The trick to control of sow thistle is to keep at it but, instead of trying to pull it up, cut the plant off above ground at its base. If it grows back, and it will, cut it again. Persistence and you will beat it. Since at first they grow individually, take care of any you find on your property, ASAP. Above all, do not let it flower, and if it does, do not let these go to seeds.
Next, yes, this is the week to thin out vegetable seedlings and yes, you can eat them. Beets, carrots, lettuces, radish and possibly other row crops you put in are getting crowded. If you don’t thin them out, you are likely to end up with miniature veggies.
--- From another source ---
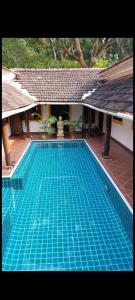 a large blue swimming pool in a building at Golden Sun Ray's Villas in Baga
Plants need room to grow. How much? You know what the final product is going to look like; give it enough room to reach that size with a couple of inches to spare.
Some plants you thin out can be transplanted elsewhere. Lettuces, for example. Carrots and beets, on the other hand, are not easy to transplant successfully.
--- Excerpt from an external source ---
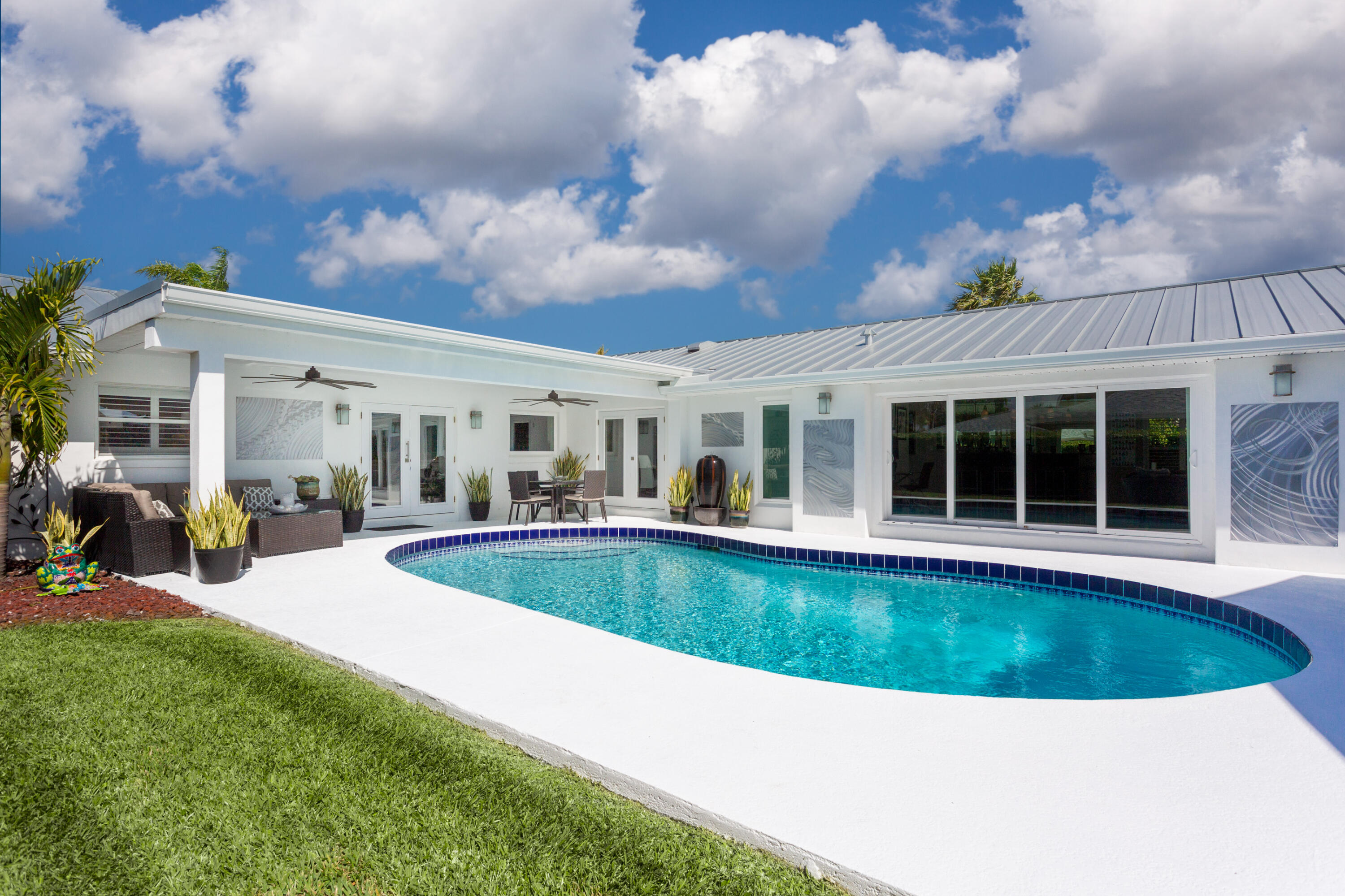 4 Country Club Road Cocoa Beach, FL 32931 - Photo 3 of 38 a view of a house with swimming pool and sitting area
A few lilac questions answered. Yes, the time to prune lilacs is immediately after or while they are in flower. You can transplant lilacs all season long. Use native soil. If you only have flowers on the tops of your plants, you didn’t use enough Plantskydd last fall, as this is a classic sign of moose browsing.
To compound our aphid problem, this week is going to be warmer than most. Make sure you water your lawns, which will water your trees and shrubs. Your gardens, too, will need water. And don‘t forget your raspberry patch. This is not a good time for the plants there to be dry as they are setting flowers and growing fruit.
What to do with those spring daffodils and tulips? They probably won’t perform again next year. Just leave them. Who knows? A few may make it to next year. Instead, spend time staking delphiniums and peonies so they are not destroyed when it rains once they are in full flower
Finally, I nag about weeding. A little bit of work now will save your vegetables and annuals from the competition. Butter and eggs are really ripe for pulling right now. They will start forming seeds in a few weeks so get them. And chickweed just continues right along. Pull it and remove it from the garden.
Jeff’s Alaska garden calendar
Fourth of July: Great time to garden instead of partying! Have a great one!
Alaska Botanical Garden: Trails are open and the gardens are beautiful. Check out alaskabg.org for the latest news. Thursdays are for picnics in the garden, 6-8 p.m. The nursery is open.
Water: How much? At least 1 inch per week between you and Mother Nature.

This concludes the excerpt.